ATHENS — Greece’s banking sector has made a strong recovery from the country’s financial crisis, but major challenges remain in its ability to fully support economic growth, according to a new analysis by European Central Bank (ECB) economists.
In a blog post published Saturday, ECB experts noted that while Greek banks are now more stable and profitable, a significant portion of private debt remains outside the banking system — limiting their capacity to expand lending.
From crisis to recovery
Greek banks were among the hardest hit during the country’s sovereign debt crisis between 2010 and 2015. They suffered heavy losses on government bonds, a surge in non-performing loans (NPLs), and a sharp decline in deposits.
At the peak of the crisis, bad loans accounted for nearly 50% of total portfolios, while deposits dropped dramatically, and the sector required multi-billion-euro bailouts.
However, in recent years, conditions have improved significantly. As economic stability returned, banks benefited from increased liquidity, stronger capital positions, and improved profitability.
“Greek banks are again able to finance households and businesses, supporting investment,” ECB economists said, noting that lending to non-financial corporations has risen, while mortgage lending is gradually recovering.
Strong profits and improved balance sheets
Greece’s four systemic banks — National Bank of Greece, Eurobank, Piraeus Bank, and Alpha Bank — reported combined net earnings of nearly €5 billion in 2025, driven by credit expansion and higher fee income.
Their non-performing exposure (NPE) ratio has dropped to below 4%, approaching the European average — a major turnaround from crisis-era levels.
The sector has also seen key structural changes. In 2024, the Greek government completed the full privatization of the four banks, which had previously been recapitalized with around €50 billion in state support.
Additionally, the ECB approved the resumption of dividend payments — ending a 16-year freeze.
The unresolved debt problem
Despite this progress, ECB economists highlighted a critical issue: a large volume of distressed loans has been transferred outside the banking system.
Since 2019, Greece has developed a secondary market for bad loans and implemented an asset protection scheme, enabling banks to securitize and offload around €57 billion in non-performing loans.

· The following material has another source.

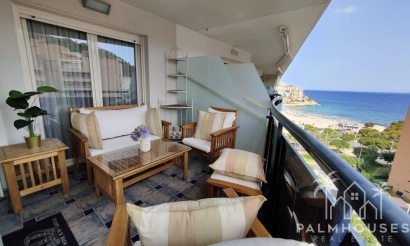 Herverkoop - Appartement - Villajoyosa - Villajoyosa Centro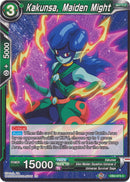 Kakunsa, Maiden Might (DB2-073) [Divine Multiverse]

While this helped clean up bank balance sheets, it also shifted debt to loan servicers, leaving many households and businesses burdened with unresolved obligations — effectively excluding them from accessing new credit.
A barrier to growth
According to the ECB analysis, these unresolved debts now represent a significant drag on the economy.
“The assets involved are equivalent to roughly one-third of Greece’s GDP,” the economists noted, warning that addressing this stock of distressed debt remains one of the country’s biggest financial challenges.
Until that issue is resolved, the banking system’s ability to fully support economic expansion will remain constrained — despite its remarkable recovery over the past decade.